Beginning at the line that mentions "Mapa MICHELIN Nundubbermere - ViaMichelin", retype the rest of the records below exactly. Pictures are not part of the copy.

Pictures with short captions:

★ ★ ★

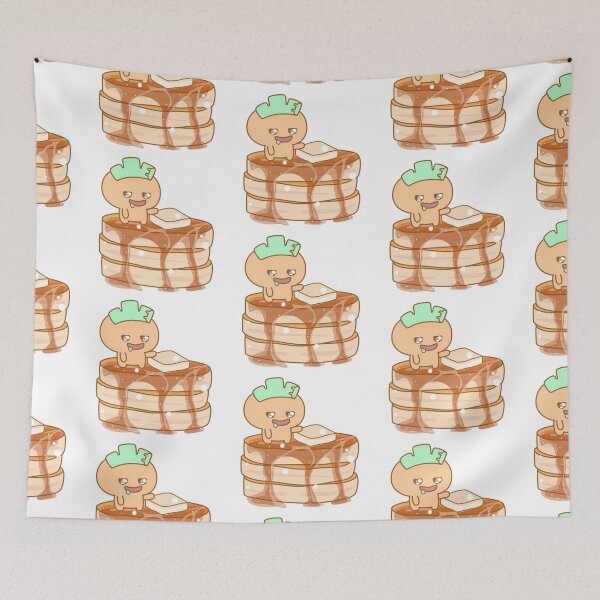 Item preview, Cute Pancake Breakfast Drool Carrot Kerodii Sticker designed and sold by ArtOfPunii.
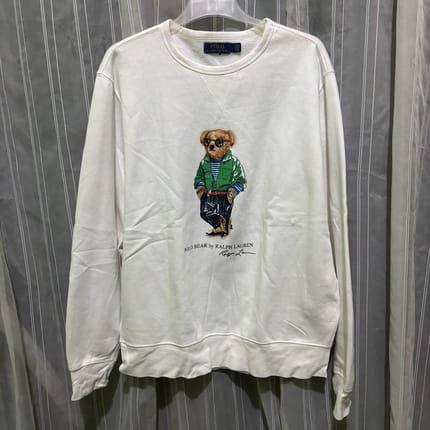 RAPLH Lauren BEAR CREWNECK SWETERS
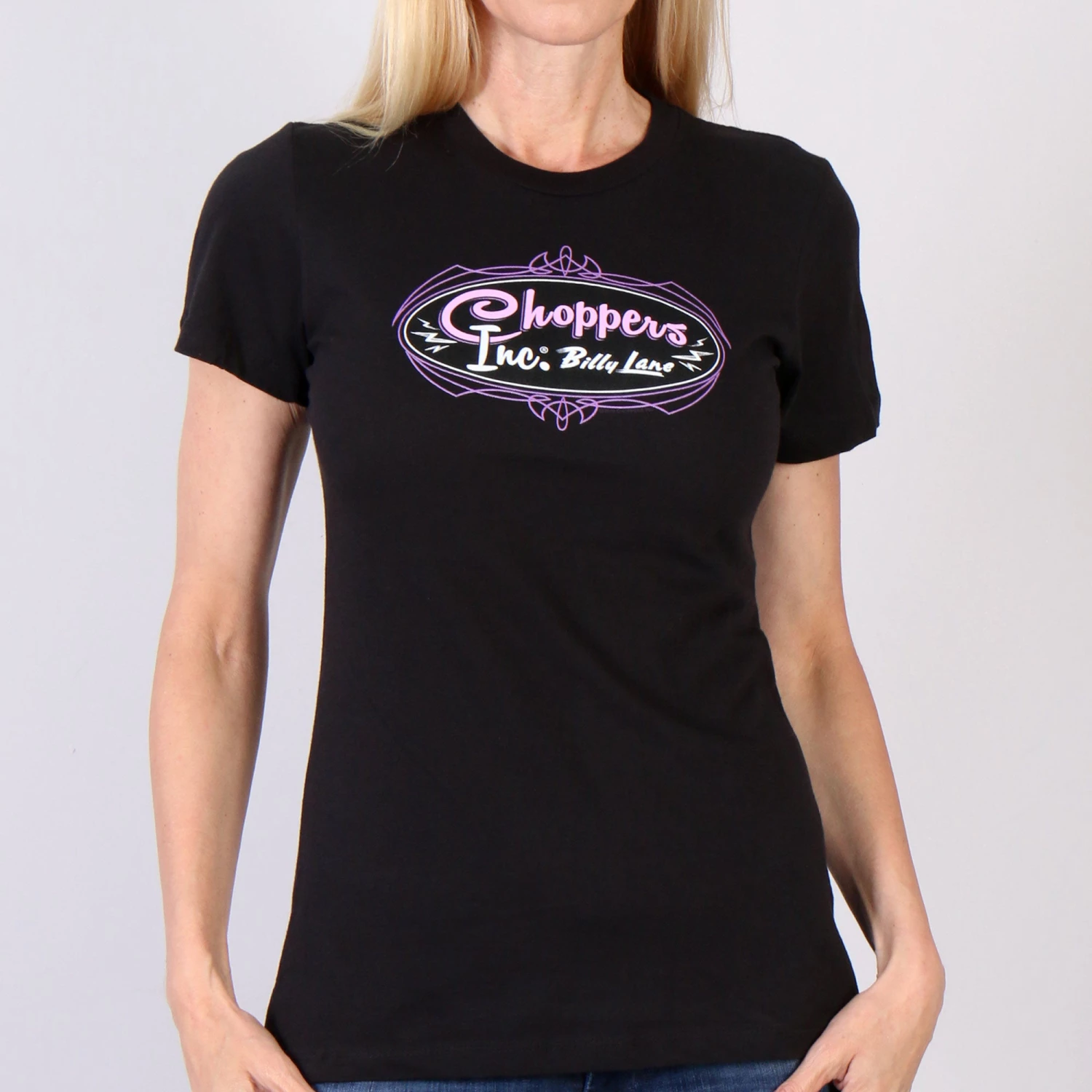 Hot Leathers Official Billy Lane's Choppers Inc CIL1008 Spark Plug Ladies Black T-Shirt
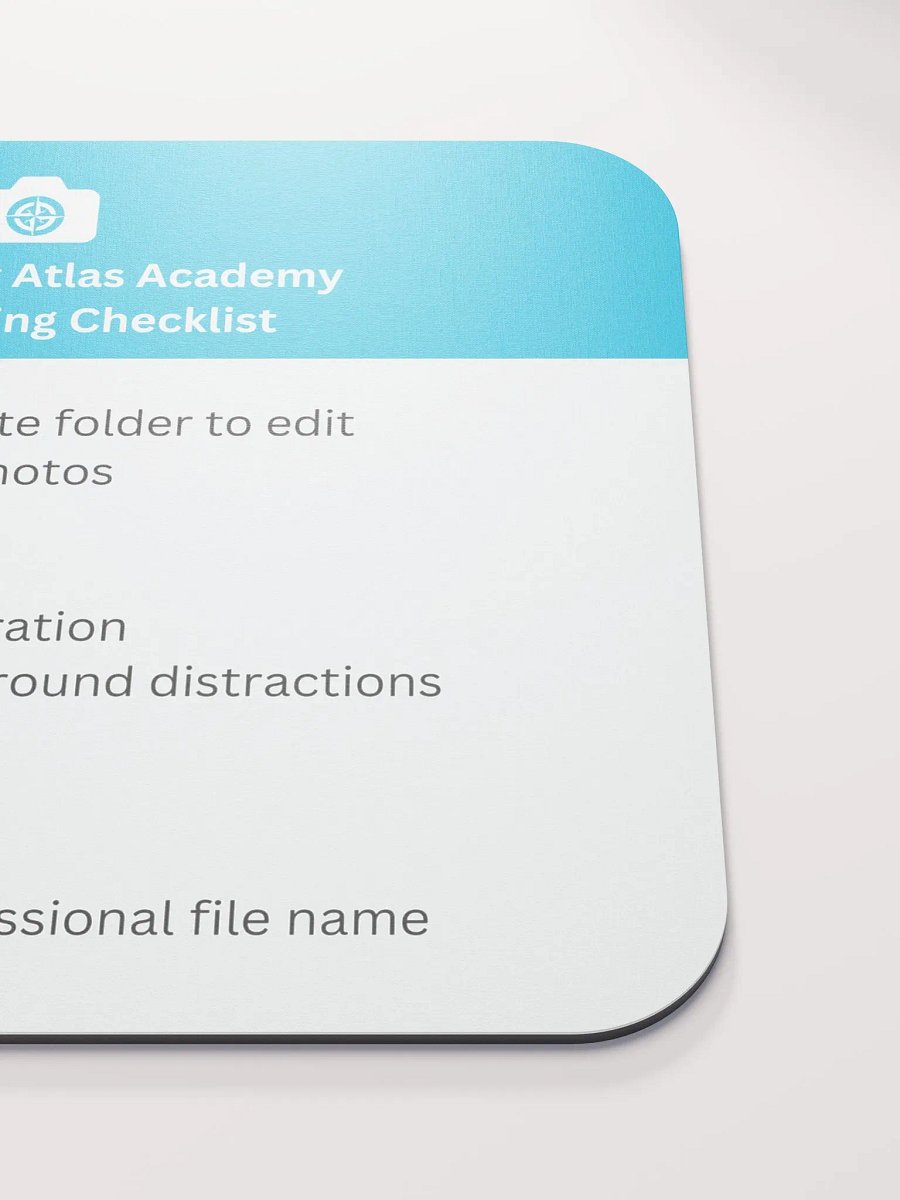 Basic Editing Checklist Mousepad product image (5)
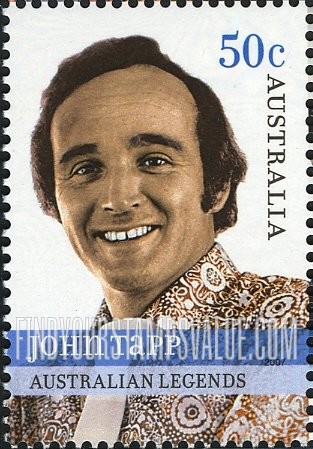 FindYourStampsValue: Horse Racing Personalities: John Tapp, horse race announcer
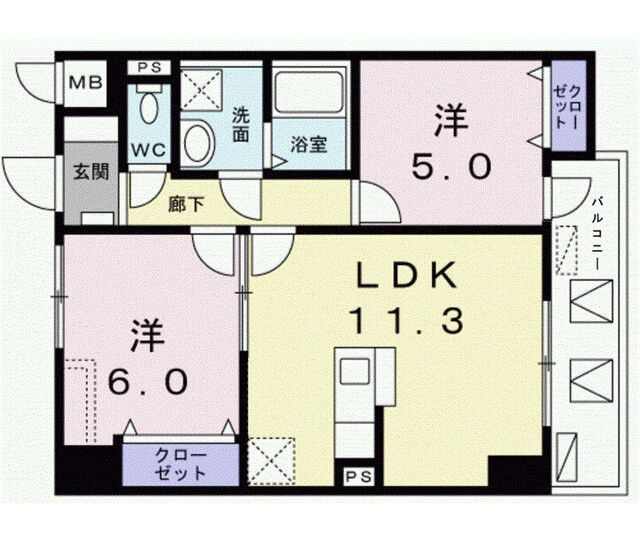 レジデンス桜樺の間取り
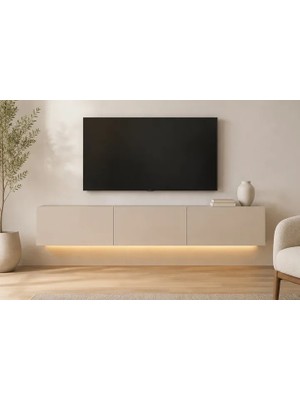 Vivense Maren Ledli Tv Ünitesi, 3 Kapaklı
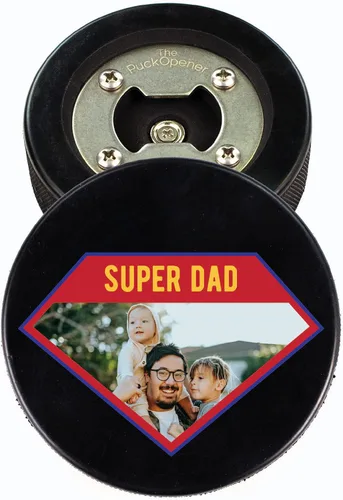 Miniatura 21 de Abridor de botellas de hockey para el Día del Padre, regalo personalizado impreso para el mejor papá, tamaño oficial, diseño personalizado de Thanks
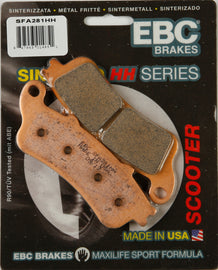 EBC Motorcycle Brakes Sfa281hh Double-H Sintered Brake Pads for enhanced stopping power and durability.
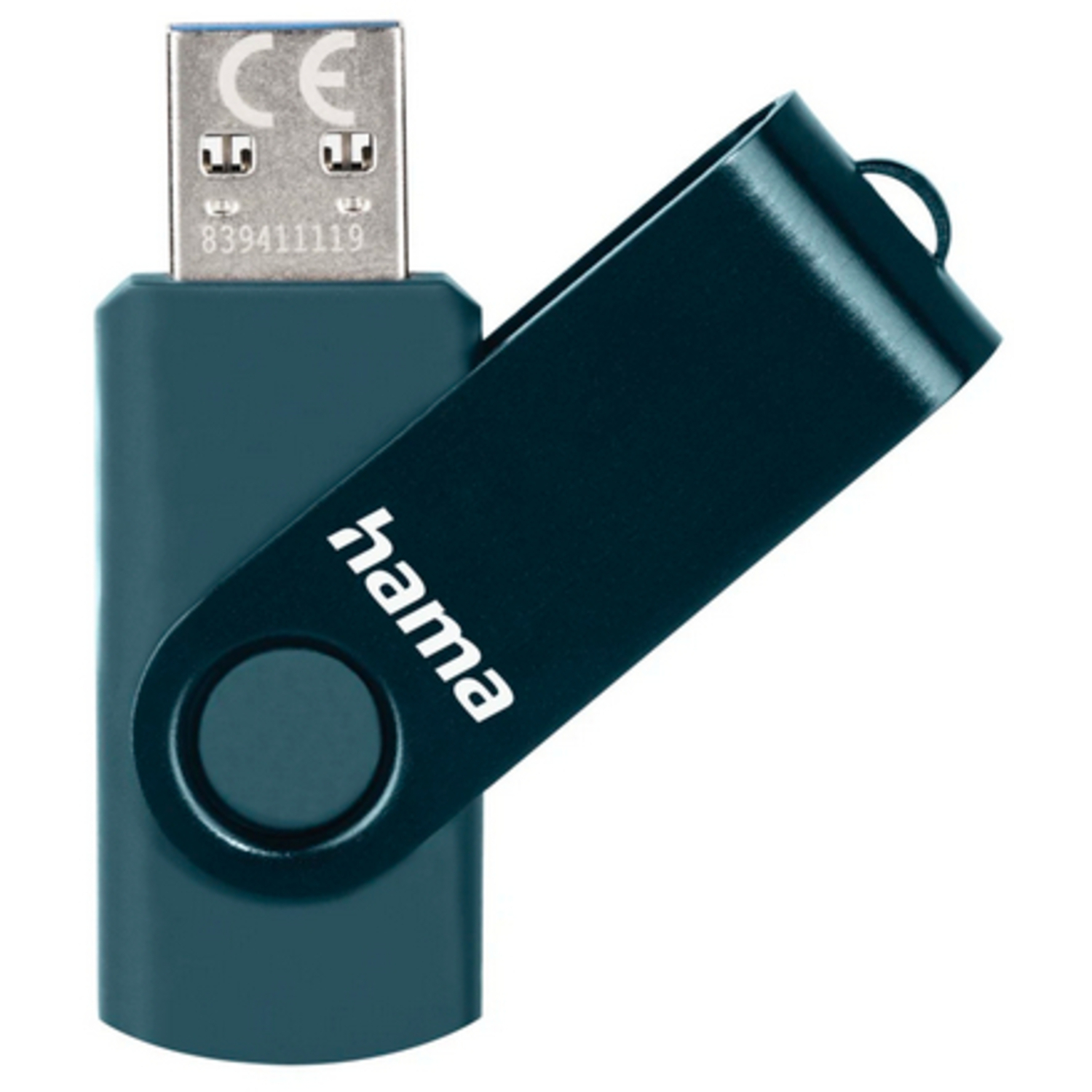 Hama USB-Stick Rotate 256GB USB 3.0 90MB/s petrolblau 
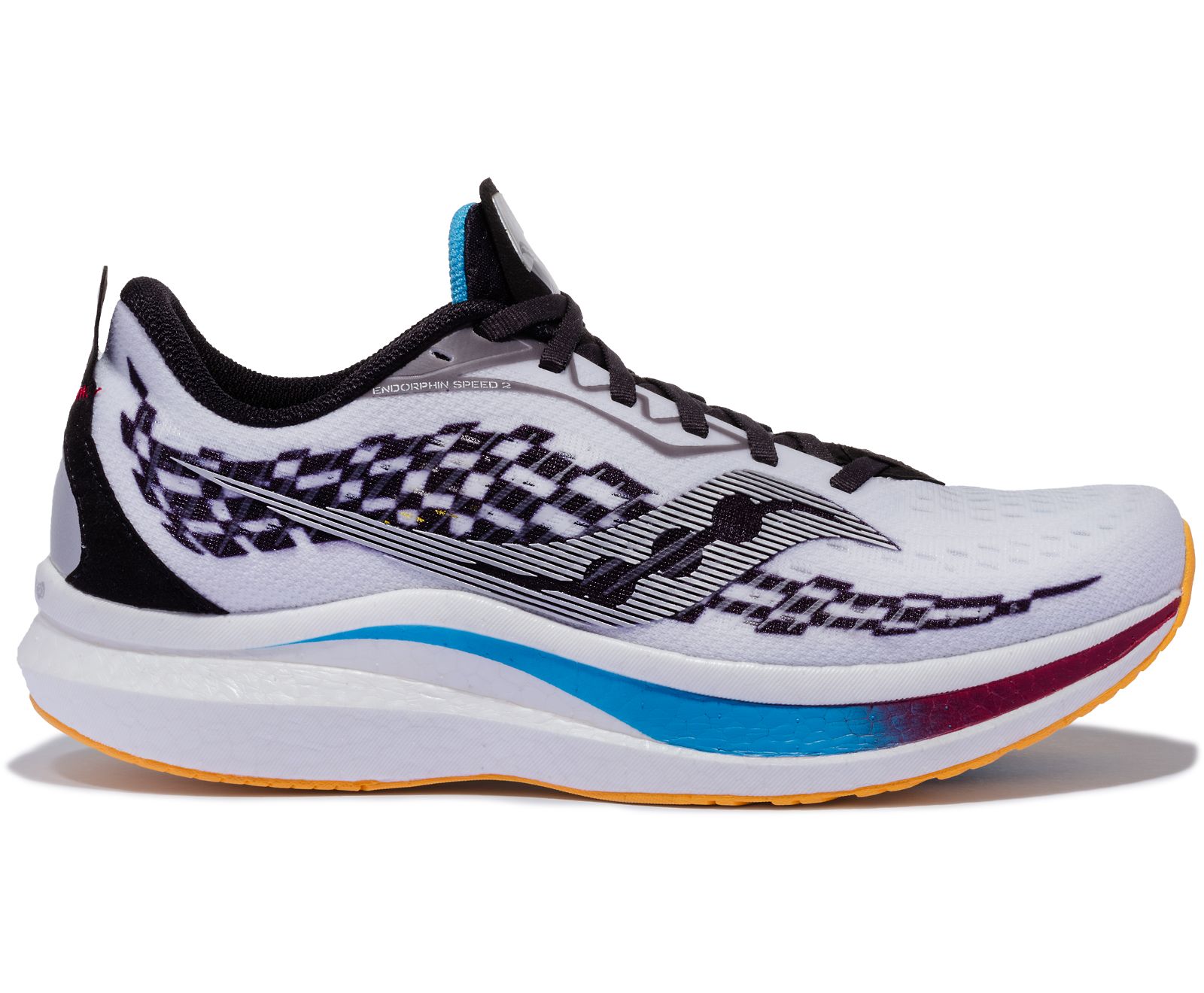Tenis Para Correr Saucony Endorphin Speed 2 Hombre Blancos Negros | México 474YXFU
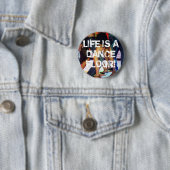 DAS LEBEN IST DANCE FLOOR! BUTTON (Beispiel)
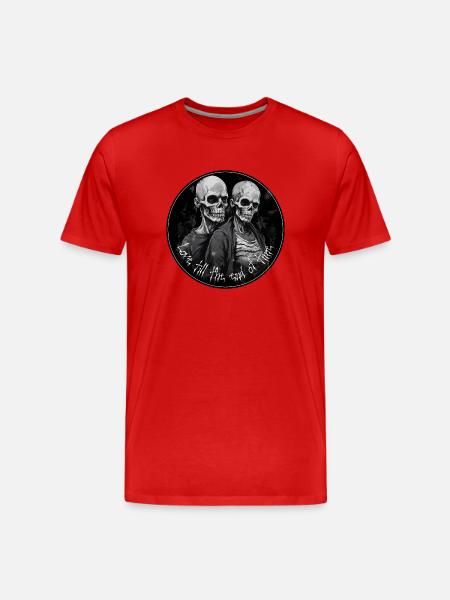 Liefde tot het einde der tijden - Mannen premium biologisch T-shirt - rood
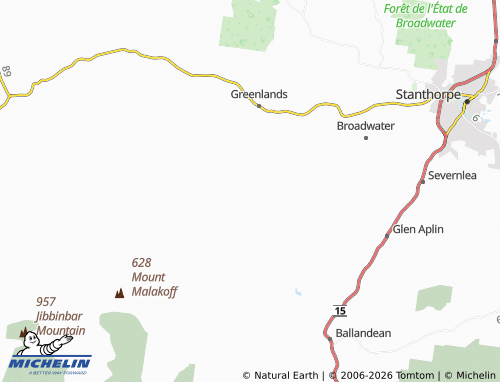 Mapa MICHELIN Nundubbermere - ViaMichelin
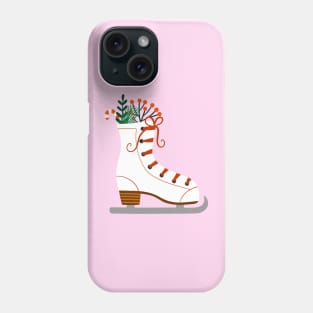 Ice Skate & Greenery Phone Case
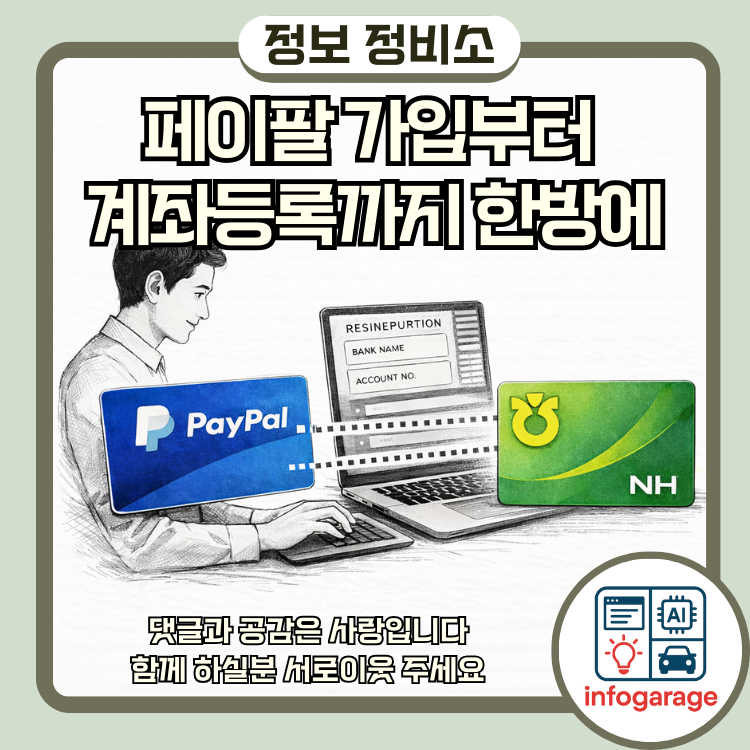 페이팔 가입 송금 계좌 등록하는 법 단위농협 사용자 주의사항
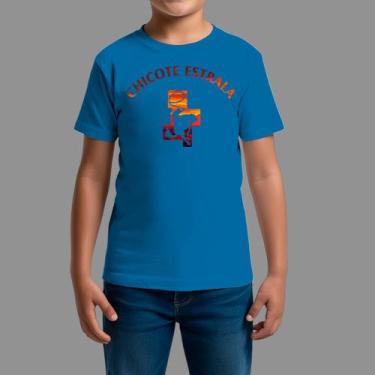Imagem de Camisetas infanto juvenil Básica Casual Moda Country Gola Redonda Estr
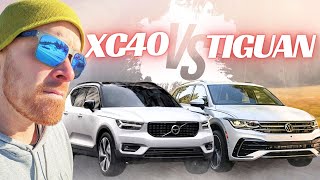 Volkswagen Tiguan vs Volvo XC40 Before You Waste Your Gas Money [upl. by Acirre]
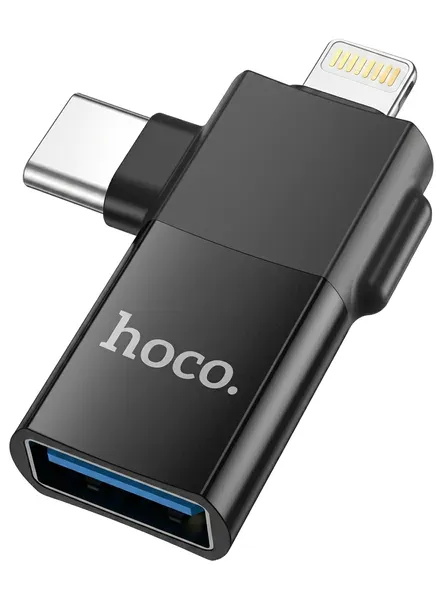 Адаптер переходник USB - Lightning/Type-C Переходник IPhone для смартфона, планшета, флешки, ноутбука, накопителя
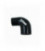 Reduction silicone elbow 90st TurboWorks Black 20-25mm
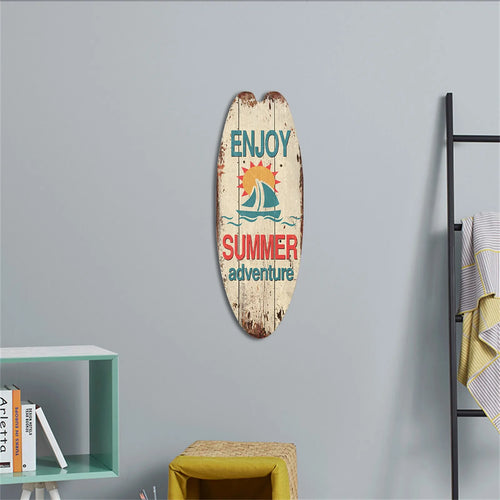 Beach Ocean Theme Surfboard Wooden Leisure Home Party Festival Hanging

★ ★ ★

**Output for this task**.
 Mapa MICHELIN Nundubbermere - ViaMichelin
 Ice Skate & Greenery Phone Case
 페이팔 가입 송금 계좌 등록하는 법 단위농협 사용자 주의사항
Imagem de Camisetas infanto juvenil Básica Casual Moda Country Gola Redonda Estr
 Volkswagen Tiguan vs Volvo XC40 Before You Waste Your Gas Money [upl. by Acirre]
 Адаптер переходник USB - Lightning/Type-C Переходник IPhone для смартфона, планшета, флешки, ноутбука, накопителя
 Reduction silicone elbow 90st TurboWorks Black 20-25mm
 Beach Ocean Theme Surfboard Wooden Leisure Home Party Festival Hanging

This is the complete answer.